On January 2, Erickson sparked controversy on Twitter after he tweeted that "[t]he difference between people who believe in the 2nd coming of Jesus and those who believe in global warming is that Jesus will return":
Erickson's claim contradicts the position put forward by ranking members of the Christian community. In his inaugural mass on March 19, Pope Francis called upon “all men and women of goodwill” to be “protectors [...] of the environment”:
Please, I would like to ask all those who have positions of responsibility in economic, political and social life, and all men and women of good will: let us be 'protectors' of creation, protectors of God's plan inscribed in nature, protectors of one another and of the environment.
Catholic leaders have explicitly linked this need to be stewards of the environment with the fight against global climate change.
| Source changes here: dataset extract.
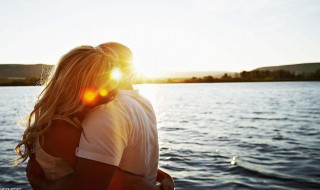 倒过来念是情话的句子 倒过来念是情话的句子列述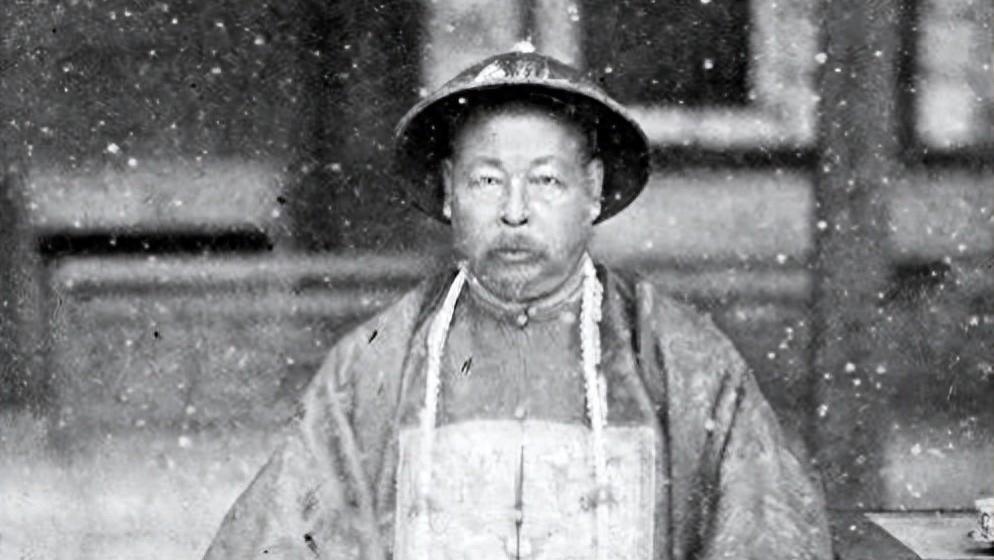 1975年左宗棠墓被炸开，遗骨弃于荒野，王震对此大怒：岂有此理！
The U.S. Conference of Catholic Bishops announced in 2001 that it accepts the scientific consensus and “the conclusions of the Intergovernmental Panel on Climate Change”:
As Catholic bishops, we make no independent judgment on the plausibility of “global warming.” Rather, we accept the consensus findings of so many scientists and the conclusions of the Intergovernmental Panel on Climate Change (IPCC) as a basis for continued research and prudent action (see the sidebar: The Science of Global Climate Change). Scientists engaged in this research consistently acknowledge the difficulties of accurate measurement and forecasting. Models of measurement evolve and vary in reliability. Researchers and advocates on all sides of the issue often have stakes in policy outcomes, as do advocates of various courses of public policy. News reports can oversimplify findings or focus on controversy rather than areas of consensus. Accordingly, interpretation of scientific data and conclusions in public discussion can be difficult and contentious matters.
Catholic bishops are not alone in calling on Christians to accept the science that speaks to the urgent need for action against manmade climate change. A number of Christian institutions have called upon members to take action against climate change. In 2006, the Evangelical Climate Initiative, a group that includes more than 300 evangelical Christian leaders from across the United States, urged members of the evangelical Christian faith to fight climate change because it “hit[s] the poor the hardest”:
Poor nations and poor individuals have fewer resources available to cope with major challenges and threats. The consequences of global warming will therefore hit the poor the hardest, in part because those areas likely to be significantly affected first are in the poorest regions of the world. Millions of people could die in this century because of climate change, most of them our poorest global neighbors.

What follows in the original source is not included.